#### **locate()**

- The **locate()** function in PySpark is used to find the **position of a substring** within a **string**.

- It works just like SQL's **INSTR() or POSITION()** functions.

- The position is **not zero based**, but **1 based index**. Returns **0 if substr could not be found in str**.

- Locate the position of the **first occurrence** of substr in a string column, after position pos.

- If **more than one occurrence** is there in a string. It will result the **position** of the **first occurrence**.

#### **Syntax**

     locate(substr, str[, pos])

**substr:** the substring to find

**str:** the column where you want to search

**pos (optional):** the position to start searching from (1-based index)

In [0]:
from pyspark.sql.functions import substring, concat, lit, col, expr, locate, when

     df1 = df.withColumn("loc", locate(";", col("RecurrencePattern")))
- which **searches** from the **beginning of the string** (i.e., **position 1**).

- This is **equivalent** to **locate(";", col("RecurrencePattern"), 1)**.

     df1 = df.withColumn("loc", locate(";", col("RecurrencePattern"), 1)) 
- This explicitly sets the **start position to 1**, which is also the **beginning of the string**.

     locate(";", col("RecurrencePattern"), 5)
- This would start **searching** from the **5th character**.

#### **1) Find Position of Substring**
- In this case, if **"data"** is found, the **position** will show the **index** of its **first occurrence**.

In [0]:
from pyspark.sql.functions import locate

# Sample data
data = [("Azure data engineer (ADE)", "suman@gmail.com"),
        ("AWS data engineer (AWS)", "kiranrathod@gmail.com"),
        ("data warehouse", "rameshwaran@gmail.com"),
        ("GCP engineer", "krishnamurthy@gmail.com"),
        ("PySpark engineer", "vishweswarrao@gmail.com")]

columns = ["text", "mail"]

df = spark.createDataFrame(data, columns)
display(df)

text,mail
Azure data engineer (ADE),suman@gmail.com
AWS data engineer (AWS),kiranrathod@gmail.com
data warehouse,rameshwaran@gmail.com
GCP engineer,krishnamurthy@gmail.com
PySpark engineer,vishweswarrao@gmail.com


In [0]:
# Use locate() to find the position of 'data'
df_pos = df.withColumn("position", locate("data", df["text"]))

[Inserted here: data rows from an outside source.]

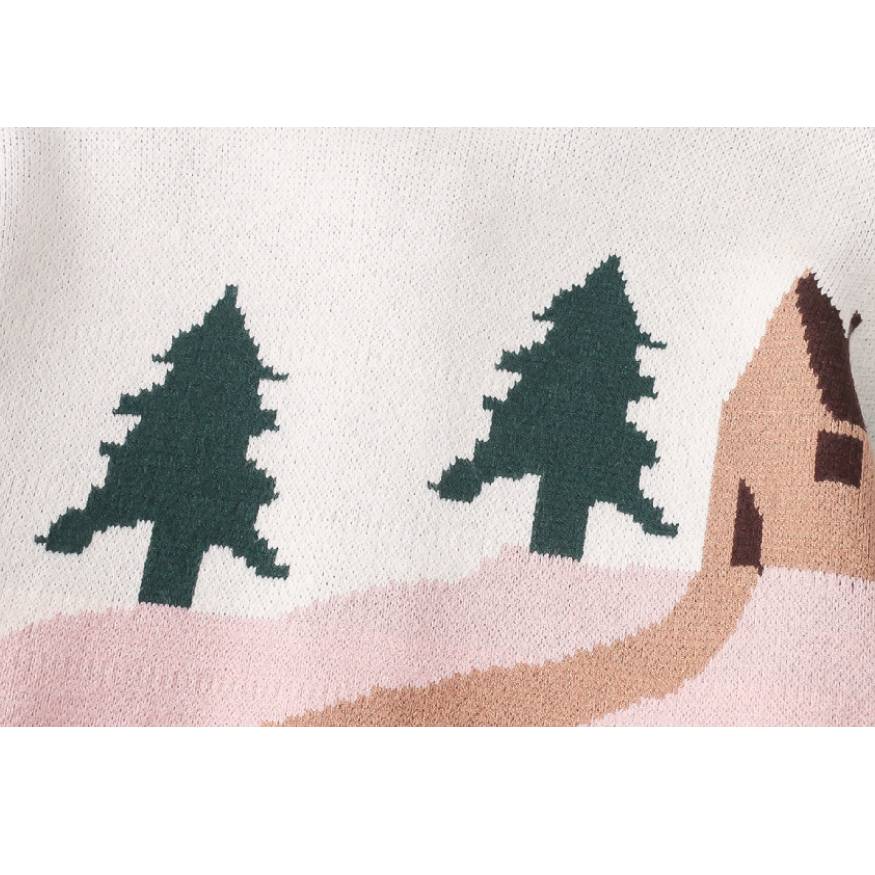 Childlike Landscape Illustration Jacquard Cardigan Sweater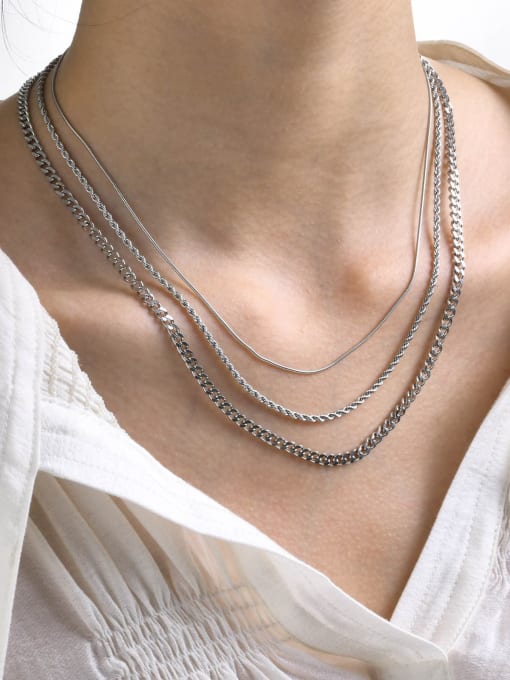 Collar de Plata 3 en 1 - Collar Multi Hebra / Minimalista / 3 Piezas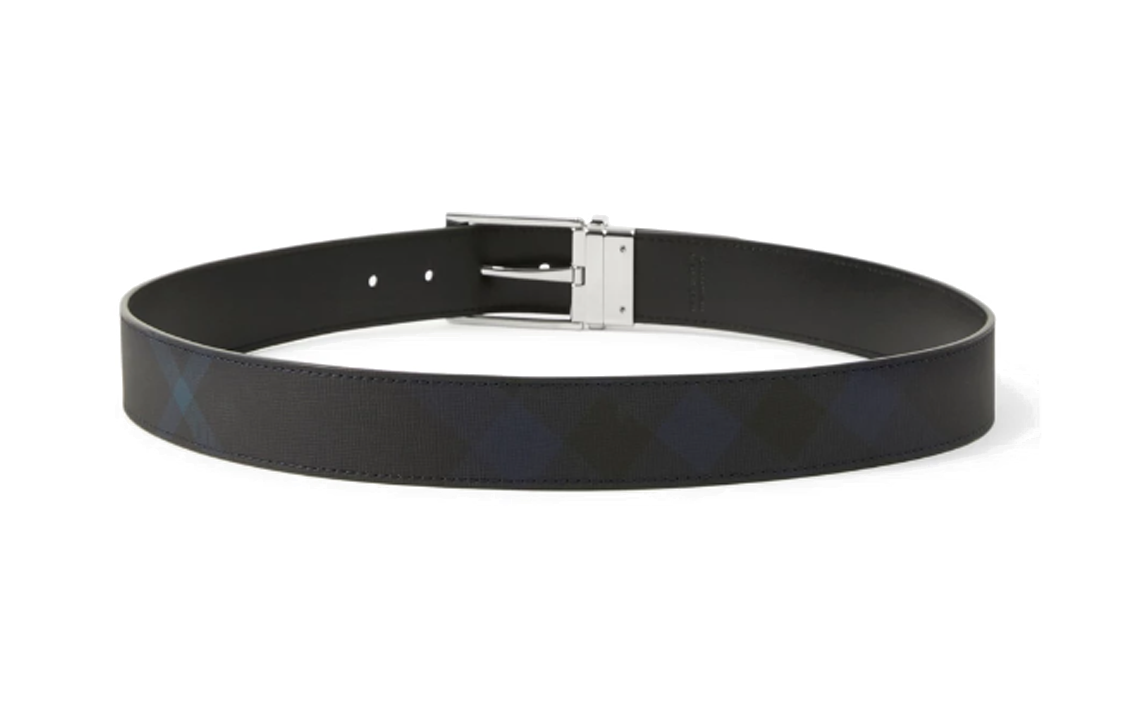 Burberry  Reversible Check Buckle Belt Navy 3.5CM Polyurethane Leather. 80732871 圖 3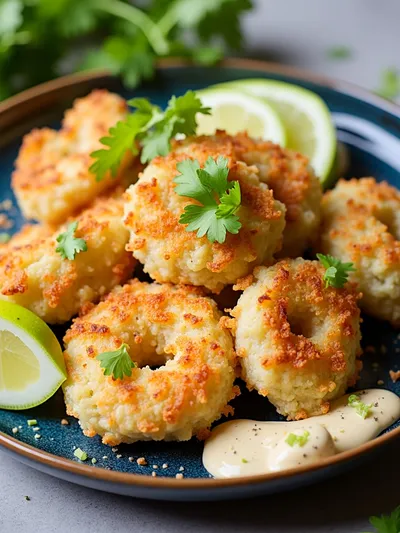 Shrimp Fritters With Lime Mayonnaise - ready to serve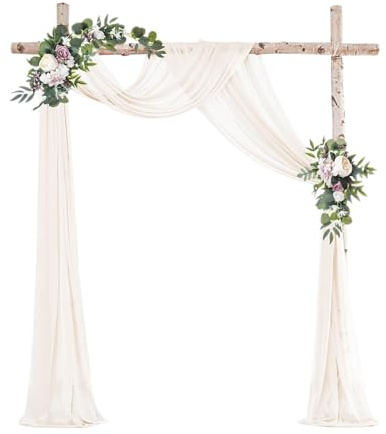 Voarge Hochzeitsbogen-Drapierungsstoff, 75 x 600 cm elfenbeinfarben Chiffon-Stoff Transparenter Tüll Hintergrund Vorhang Kulissenvorhänge für Hochzeitszeremonie, Party, Decken-Swag-Dekoration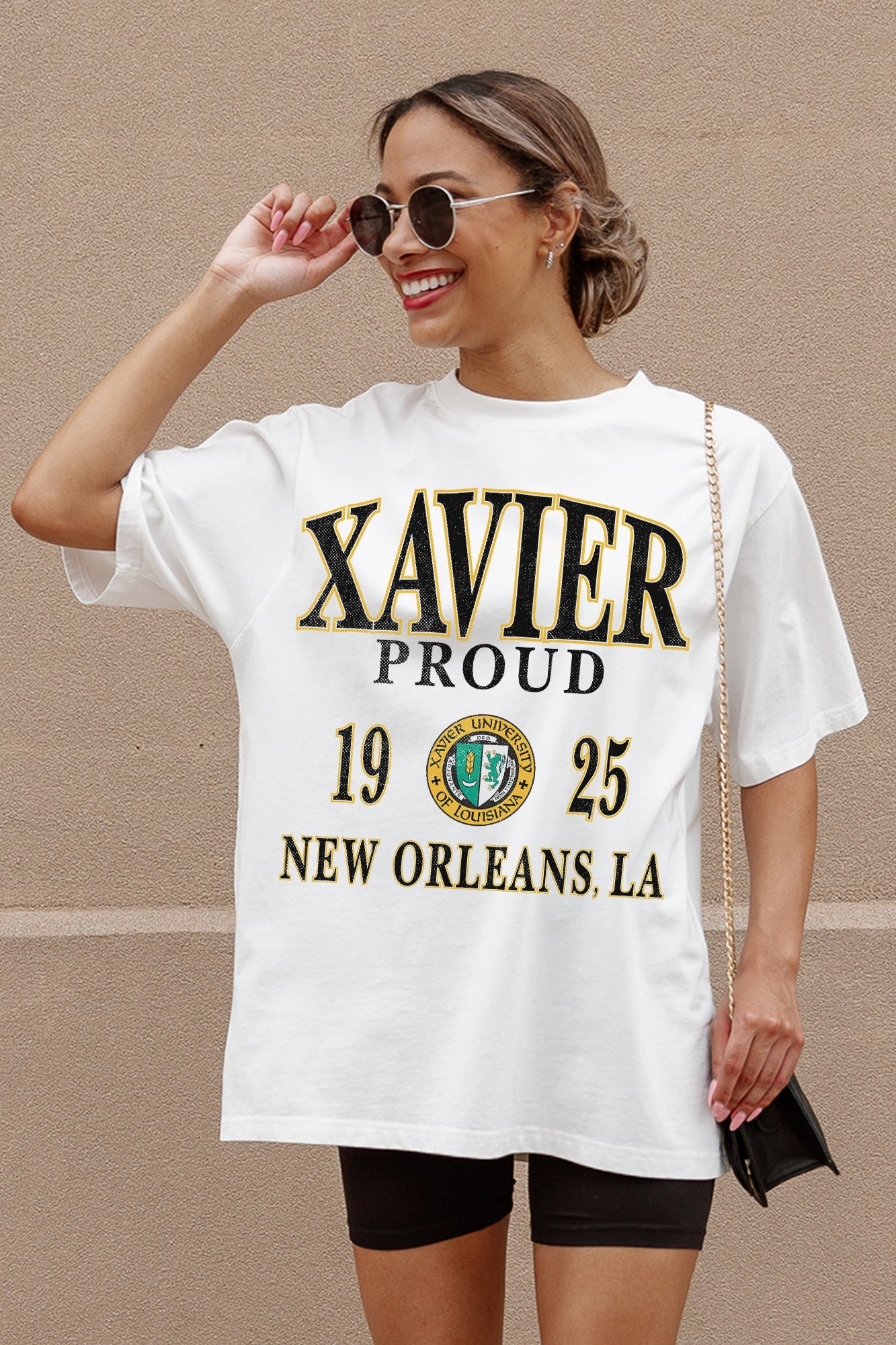 XAVIER UNIVERSITY OF LOUISIANA GOLD UNITY OVERSIZED CREWNECK TEE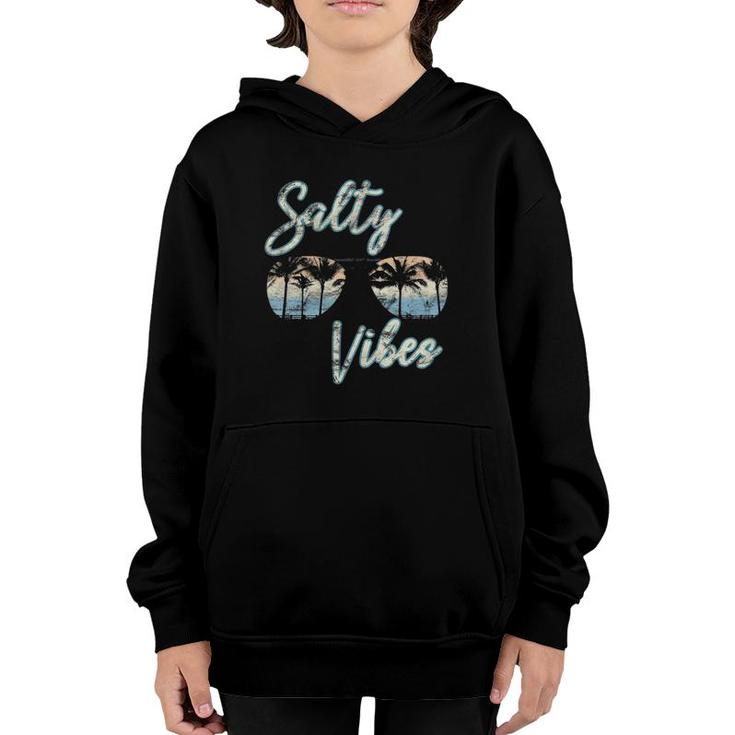 Womens Salty Vibes Cute Beach  Summer Vacation V Neck Youth Hoodie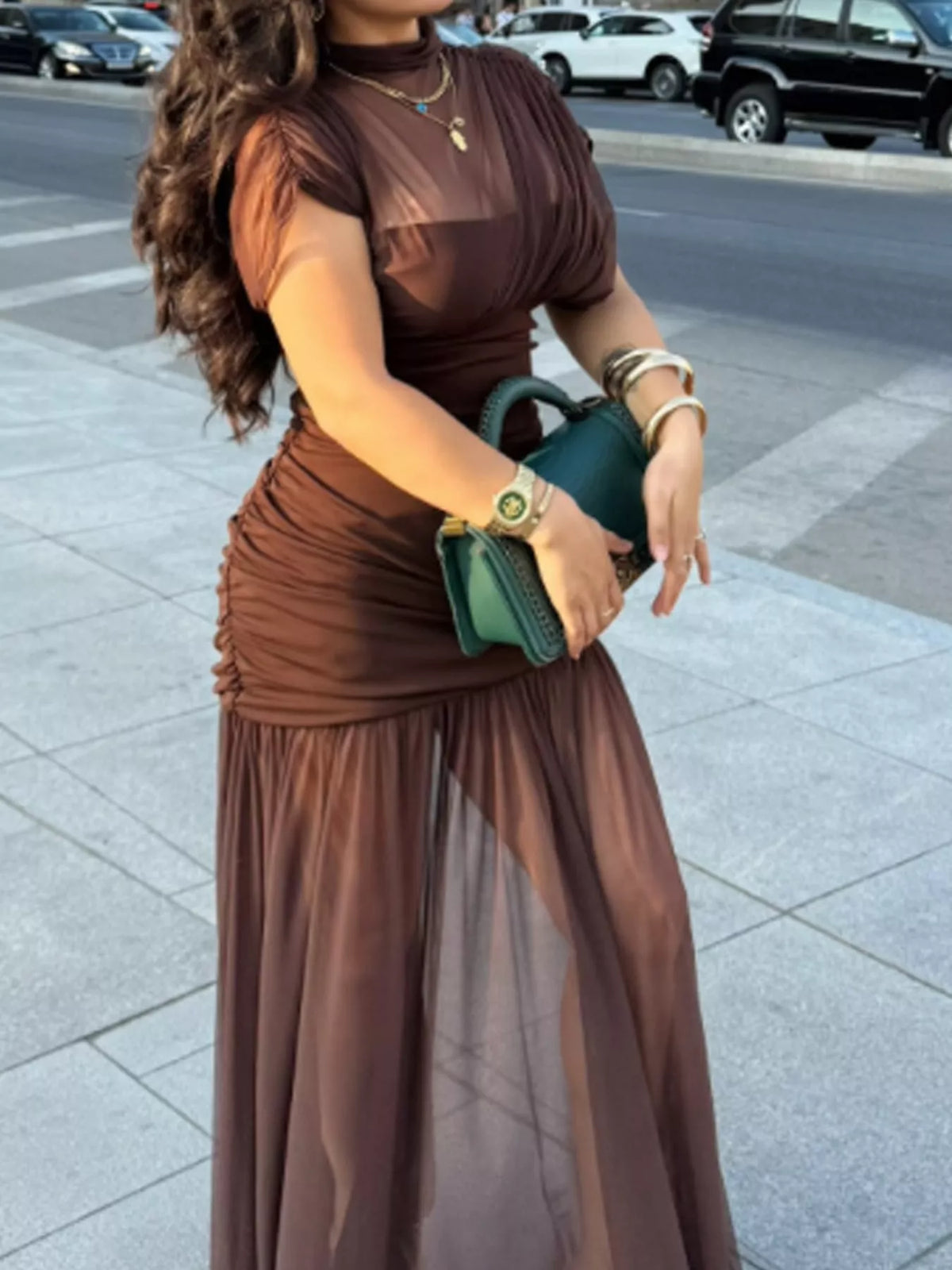 Mock-Neck Ruched Sheer Mesh Maxi Dress
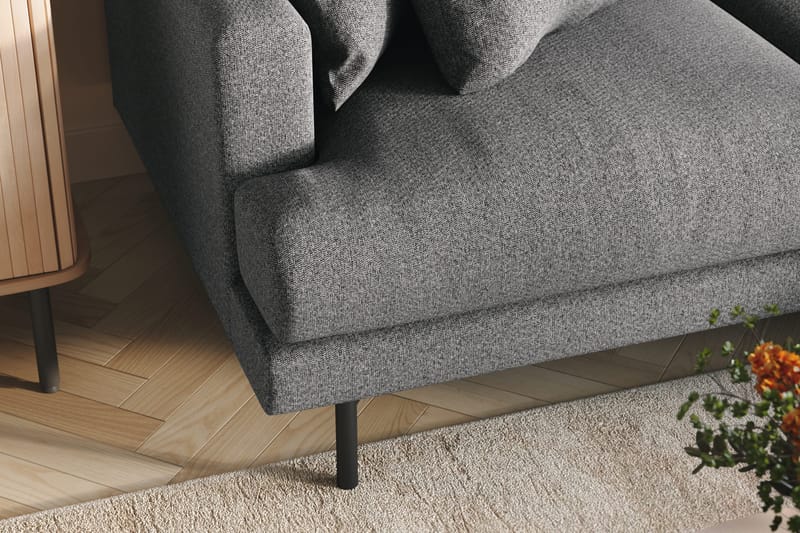 Menard 6-sits Högervänd L-formad Hörnsoffa i Tyg - Mörkgrå - Products - Möbler - Soffa - Hörnsoffa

# Show the DataFrame with the position column
display(df_pos)

text,mail,position
Azure data engineer (ADE),suman@gmail.com,7
AWS data engineer (AWS),kiranrathod@gmail.com,5
data warehouse,rameshwaran@gmail.com,1
GCP engineer,krishnamurthy@gmail.com,0
PySpark engineer,vishweswarrao@gmail.com,0


In [0]:
# Filter rows where 'data' is found in 'text'
df_filtered = df \
    .withColumn("position", locate("data", df["text"])) \
    .filter(locate("data", col("text")) > 0)
display(df_filtered)

text,mail,position
Azure data engineer (ADE),suman@gmail.com,7
AWS data engineer (AWS),kiranrathod@gmail.com,5
data warehouse,rameshwaran@gmail.com,1


#### **2) Using locate to Find Substring in a Specific Column**
- This finds the **position** of the **"@"** symbol in the **email** column.
- The result will be the **index** position where **"@"** appears in **each email string**.

In [0]:
df_email = df.withColumn("position_of_email", locate("@", col("mail")))
display(df_email)

text,mail,position_of_email
Azure data engineer (ADE),suman@gmail.com,6
AWS data engineer (AWS),kiranrathod@gmail.com,12
data warehouse,rameshwaran@gmail.com,12
GCP engineer,krishnamurthy@gmail.com,14
PySpark engineer,vishweswarrao@gmail.com,14


#### **3) Finding Position of Substring in a Column with Multiple Occurrences**

- If you have a **string** with **multiple occurrences** of the **substring** and want to know the **position** of the **first occurrence**.

In [0]:
from pyspark.sql.functions import locate

# Sample data
data = [("Azure data engineer data world", "suman@gmail.com"),
        ("AWS data engineer data type", "kiranrathod@gmail.com"),
        ("data warehouse data storage", "rameshwaran@gmail.com"),
        ("GCP engineer", "krishnamurthy@gmail.com"),
        ("PySpark engineer", "vishweswarrao@gmail.com")]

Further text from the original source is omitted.